Debüt von „RTL Direkt“ mit Jan Hofer: Und nun zu etwas völlig anderem
Das „RTL Direkt“-Debüt am Montag war desaströs. Statt auf aktuelle Nachrichten zu reagieren, diskutierte Jan Hofer mit Annalena Baerbock über Bio-Essen.
Es ist tragisch, wenn beim sorgfältig geplanten Journalismus plötzlich Nachrichten dazwischenkommen. Der Kölner Privatsender RTL bereitet seit Monaten seine „News Offensive“ vor, hat sich mehrere berühmte Ex-ARD-Gesichter geschnappt, gerade wurde sogar bekannt, dass er mit dem traditionsreichen Zeitungsverlag Gruner + Jahr fusioniert.
Am Montagabend ging die neue Infosendung „RTL Direkt“ mit Ex-Tagesschau-Sprecher Jan Hofer erst mal so richtig in die Hose. Blöderweise gab es eine globale Großnachrichtenlage, auf die man bei RTL nicht so recht reagieren wollte.
„RTL Direkt“ läuft ab sofort Montag bis Donnerstag um 22.15 Uhr und dauert 20 Minuten. Normalerweise laufen parallel die Tagesthemen im Ersten, was auch als „Kampfansage“ an den öffentlich-rechtlichen Rundfunk gewertet wird. Bei RTL hat man sich nicht gerade beeilt, dem vehement zu widersprechen. „RTL Direkt“ hat ein Thema des Tages, das mit einem Gast besprochen wird, unterbrochen von Einspielern. Zum Auftakt sprach Jan Hofer mit Grünen-Kanzlerkandidatin Annalena Baerbock über die Frage, „wie viel grünes Leben kostet“. Während das Interesse der Zuschauer*innen am Montagabend garantiert woanders lag.
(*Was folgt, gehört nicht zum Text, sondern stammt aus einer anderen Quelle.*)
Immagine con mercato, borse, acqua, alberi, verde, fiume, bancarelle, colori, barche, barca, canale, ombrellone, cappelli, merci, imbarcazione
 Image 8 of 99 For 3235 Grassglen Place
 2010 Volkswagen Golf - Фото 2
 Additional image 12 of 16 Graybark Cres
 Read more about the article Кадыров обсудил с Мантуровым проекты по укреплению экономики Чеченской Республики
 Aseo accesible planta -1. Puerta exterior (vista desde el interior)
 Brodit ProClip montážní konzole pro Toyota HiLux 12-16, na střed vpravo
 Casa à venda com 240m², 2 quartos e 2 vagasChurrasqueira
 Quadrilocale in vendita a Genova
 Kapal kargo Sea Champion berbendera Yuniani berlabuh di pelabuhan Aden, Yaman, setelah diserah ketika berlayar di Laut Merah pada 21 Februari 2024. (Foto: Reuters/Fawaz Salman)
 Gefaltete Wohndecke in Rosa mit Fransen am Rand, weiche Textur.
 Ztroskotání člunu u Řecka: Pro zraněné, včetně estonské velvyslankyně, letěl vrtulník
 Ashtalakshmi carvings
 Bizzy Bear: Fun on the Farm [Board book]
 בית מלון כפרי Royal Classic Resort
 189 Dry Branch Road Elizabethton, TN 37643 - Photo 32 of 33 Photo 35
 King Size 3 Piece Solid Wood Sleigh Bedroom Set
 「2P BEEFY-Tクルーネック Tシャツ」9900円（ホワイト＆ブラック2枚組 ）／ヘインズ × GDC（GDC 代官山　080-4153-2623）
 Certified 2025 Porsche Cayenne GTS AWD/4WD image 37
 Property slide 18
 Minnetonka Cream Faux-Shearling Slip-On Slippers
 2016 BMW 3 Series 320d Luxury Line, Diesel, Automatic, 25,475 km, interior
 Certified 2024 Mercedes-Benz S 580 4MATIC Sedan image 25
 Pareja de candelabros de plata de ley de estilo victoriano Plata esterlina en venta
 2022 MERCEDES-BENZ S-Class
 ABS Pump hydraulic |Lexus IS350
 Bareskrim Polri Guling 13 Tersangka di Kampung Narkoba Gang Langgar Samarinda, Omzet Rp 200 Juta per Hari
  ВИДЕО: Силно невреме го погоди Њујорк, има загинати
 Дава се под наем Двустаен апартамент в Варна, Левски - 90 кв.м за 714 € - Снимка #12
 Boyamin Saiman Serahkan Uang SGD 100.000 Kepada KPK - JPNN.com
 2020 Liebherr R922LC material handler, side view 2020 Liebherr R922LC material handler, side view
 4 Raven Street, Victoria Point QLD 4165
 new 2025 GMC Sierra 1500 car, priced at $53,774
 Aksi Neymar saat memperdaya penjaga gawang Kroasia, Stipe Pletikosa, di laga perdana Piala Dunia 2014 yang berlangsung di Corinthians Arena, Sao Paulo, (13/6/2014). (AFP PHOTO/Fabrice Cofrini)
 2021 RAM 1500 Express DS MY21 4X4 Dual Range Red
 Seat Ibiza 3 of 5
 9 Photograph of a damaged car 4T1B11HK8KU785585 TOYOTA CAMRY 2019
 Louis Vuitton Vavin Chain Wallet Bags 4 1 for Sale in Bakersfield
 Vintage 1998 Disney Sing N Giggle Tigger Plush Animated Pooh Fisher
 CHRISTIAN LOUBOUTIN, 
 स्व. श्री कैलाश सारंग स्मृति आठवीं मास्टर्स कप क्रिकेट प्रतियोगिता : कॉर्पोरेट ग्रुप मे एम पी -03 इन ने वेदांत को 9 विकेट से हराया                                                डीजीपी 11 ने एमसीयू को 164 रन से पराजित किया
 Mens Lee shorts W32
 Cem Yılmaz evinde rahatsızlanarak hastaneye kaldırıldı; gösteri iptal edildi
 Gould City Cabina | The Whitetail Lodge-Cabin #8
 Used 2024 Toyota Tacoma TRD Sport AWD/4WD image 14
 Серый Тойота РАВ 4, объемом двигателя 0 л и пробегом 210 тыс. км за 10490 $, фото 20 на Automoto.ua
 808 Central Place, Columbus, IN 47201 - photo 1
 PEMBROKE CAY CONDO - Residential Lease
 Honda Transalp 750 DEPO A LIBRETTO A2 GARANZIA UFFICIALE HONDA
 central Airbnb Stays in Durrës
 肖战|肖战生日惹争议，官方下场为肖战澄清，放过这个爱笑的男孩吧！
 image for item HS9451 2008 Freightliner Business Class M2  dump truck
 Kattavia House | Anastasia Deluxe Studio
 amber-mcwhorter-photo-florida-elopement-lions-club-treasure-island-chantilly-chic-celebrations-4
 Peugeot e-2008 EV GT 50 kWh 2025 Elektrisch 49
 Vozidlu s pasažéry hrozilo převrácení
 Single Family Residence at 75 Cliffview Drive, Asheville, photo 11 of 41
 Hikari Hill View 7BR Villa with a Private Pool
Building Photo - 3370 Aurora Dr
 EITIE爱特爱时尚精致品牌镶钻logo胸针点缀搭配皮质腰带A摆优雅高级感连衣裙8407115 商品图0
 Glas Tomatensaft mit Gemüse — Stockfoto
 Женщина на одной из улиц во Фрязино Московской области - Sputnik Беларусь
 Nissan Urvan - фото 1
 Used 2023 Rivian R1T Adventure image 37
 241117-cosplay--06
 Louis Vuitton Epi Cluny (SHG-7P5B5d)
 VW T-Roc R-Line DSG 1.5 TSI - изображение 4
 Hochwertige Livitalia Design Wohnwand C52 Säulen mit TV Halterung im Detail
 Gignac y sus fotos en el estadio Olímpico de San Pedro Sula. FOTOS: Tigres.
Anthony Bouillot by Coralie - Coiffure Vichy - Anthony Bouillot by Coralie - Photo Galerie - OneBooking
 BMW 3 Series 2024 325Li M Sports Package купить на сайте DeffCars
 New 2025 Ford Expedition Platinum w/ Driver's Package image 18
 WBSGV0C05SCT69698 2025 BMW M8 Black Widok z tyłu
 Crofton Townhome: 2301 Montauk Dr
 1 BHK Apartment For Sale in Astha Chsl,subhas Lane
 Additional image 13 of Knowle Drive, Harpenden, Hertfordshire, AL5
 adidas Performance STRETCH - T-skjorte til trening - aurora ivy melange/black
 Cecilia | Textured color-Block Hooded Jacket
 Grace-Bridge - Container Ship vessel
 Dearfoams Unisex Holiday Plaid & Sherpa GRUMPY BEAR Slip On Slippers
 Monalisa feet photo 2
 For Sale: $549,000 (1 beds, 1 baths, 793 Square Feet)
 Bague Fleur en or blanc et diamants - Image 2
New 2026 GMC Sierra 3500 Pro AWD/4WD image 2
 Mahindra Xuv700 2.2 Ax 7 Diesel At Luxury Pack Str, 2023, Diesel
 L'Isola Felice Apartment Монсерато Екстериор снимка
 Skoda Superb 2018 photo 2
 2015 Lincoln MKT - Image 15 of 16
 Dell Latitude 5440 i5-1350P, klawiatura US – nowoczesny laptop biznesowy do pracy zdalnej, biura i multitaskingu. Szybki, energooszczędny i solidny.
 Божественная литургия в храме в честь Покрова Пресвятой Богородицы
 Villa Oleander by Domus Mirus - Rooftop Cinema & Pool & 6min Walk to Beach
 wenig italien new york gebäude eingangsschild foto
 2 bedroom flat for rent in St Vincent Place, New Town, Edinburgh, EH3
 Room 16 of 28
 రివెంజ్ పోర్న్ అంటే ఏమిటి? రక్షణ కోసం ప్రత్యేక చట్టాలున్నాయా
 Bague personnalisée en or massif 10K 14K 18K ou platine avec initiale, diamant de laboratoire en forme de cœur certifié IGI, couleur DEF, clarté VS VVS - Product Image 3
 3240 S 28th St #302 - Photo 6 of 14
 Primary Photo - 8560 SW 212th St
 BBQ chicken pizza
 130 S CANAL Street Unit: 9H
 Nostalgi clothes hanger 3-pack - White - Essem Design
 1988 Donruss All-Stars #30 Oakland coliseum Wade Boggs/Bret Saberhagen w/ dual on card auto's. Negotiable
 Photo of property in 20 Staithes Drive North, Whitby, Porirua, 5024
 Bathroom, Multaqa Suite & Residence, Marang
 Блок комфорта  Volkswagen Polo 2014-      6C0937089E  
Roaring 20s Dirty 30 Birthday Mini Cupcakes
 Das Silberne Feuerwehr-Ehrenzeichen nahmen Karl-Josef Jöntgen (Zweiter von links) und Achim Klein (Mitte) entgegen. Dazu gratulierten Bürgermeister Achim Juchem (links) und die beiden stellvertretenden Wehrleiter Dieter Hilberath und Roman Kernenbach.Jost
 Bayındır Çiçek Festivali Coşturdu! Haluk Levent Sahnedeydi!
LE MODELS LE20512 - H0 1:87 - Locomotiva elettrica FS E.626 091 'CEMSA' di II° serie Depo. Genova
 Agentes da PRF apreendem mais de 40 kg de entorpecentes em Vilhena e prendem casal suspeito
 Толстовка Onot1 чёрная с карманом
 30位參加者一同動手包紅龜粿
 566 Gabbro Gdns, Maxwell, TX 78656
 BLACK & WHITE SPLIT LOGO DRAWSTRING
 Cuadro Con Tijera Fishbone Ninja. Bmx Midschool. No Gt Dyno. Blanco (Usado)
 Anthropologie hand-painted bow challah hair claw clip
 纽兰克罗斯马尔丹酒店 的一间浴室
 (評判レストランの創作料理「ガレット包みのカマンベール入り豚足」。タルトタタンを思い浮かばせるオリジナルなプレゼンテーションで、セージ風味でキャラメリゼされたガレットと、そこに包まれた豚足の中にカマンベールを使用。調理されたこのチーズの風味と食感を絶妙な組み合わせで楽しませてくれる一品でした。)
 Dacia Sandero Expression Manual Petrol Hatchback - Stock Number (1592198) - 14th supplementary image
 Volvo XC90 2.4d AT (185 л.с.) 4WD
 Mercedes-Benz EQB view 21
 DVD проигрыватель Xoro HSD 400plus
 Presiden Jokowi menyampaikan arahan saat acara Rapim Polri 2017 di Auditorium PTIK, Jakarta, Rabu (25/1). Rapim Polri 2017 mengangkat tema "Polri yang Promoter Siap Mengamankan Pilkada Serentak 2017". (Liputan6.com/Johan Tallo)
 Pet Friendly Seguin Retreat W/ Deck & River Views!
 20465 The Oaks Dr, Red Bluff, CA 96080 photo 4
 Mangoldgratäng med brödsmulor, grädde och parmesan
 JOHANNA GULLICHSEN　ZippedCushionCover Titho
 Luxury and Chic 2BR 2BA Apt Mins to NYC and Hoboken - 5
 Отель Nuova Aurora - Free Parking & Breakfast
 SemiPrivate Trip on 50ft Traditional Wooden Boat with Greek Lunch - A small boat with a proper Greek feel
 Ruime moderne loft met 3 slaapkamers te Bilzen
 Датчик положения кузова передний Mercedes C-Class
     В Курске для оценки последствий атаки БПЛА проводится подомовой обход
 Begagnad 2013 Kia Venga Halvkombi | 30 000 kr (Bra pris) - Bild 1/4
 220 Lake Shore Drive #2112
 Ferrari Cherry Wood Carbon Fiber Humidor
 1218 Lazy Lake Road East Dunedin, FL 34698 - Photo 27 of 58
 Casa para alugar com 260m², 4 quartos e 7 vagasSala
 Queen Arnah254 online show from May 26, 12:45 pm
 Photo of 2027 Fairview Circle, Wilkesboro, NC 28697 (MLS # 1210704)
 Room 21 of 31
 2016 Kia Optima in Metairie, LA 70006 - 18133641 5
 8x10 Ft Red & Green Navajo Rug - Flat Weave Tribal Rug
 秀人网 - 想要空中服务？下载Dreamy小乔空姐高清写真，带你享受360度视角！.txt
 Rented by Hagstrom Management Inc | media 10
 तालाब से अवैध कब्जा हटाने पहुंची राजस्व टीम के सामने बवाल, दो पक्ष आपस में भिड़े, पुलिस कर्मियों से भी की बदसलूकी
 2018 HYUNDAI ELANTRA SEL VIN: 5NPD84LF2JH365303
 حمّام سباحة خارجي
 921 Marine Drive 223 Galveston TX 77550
Journalismus heißt reagieren
Trotzdem ging, während sich am Kabuler Flughafen Menschen an Flugzeuge klammerten, Hofer mit Baerbock nach zwei aktuellen Minuten zum vorbereiteten Thema über: Bio kaufen, wer kann sich das leisten. Jede*r, bei der richtigen Sozial- und Agrarpolitik, sagt Baerbock. Aha. Afghanistan: Vergessen. Stattdessen macht Comedian Abdelkarim am Ende eine kurze Standup-Einlage zu den Wahlkampfthemen des vergangenen Monats. Zur Aufheiterung. Selten war eine Sendung in einem Moment so deplatziert.
Klar, jede neue Show muss sich einruckeln. Neue Formate und Segmente müssen sich entwickeln, das Team sich einarbeiten, der Moderator sich in der neuen Rolle zurechtfinden. „RTL Direkt“ nach einer Ausgabe an Kleinigkeiten zu messen, an Verhasplern und Momenten der Unsicherheit, wäre unfair. Und natürlich ist Jan Hofer kein gewiefter Interviewer, sondern Wohlfühl-Moderator. Und: Auch bei der ARD wurden schon Tatorte gesendet, während es draußen in der Welt zu geopolitischen Krisen kam. Etwa beim Putschversuch 2016 in der Türkei.
Aber wenn man als Privatsender Erwartungen aufbaut, jetzt Journalismus zu machen, der sich an dem der Öffentlich-Rechtlichen messen kann, dann gehört dazu auch: Reagieren auf Aktualität. Besonders, wenn eine Politikerin im Studio ist, die sich um ein Amt bewirbt, in dem sie künftig durch solche Krisen führen müsste.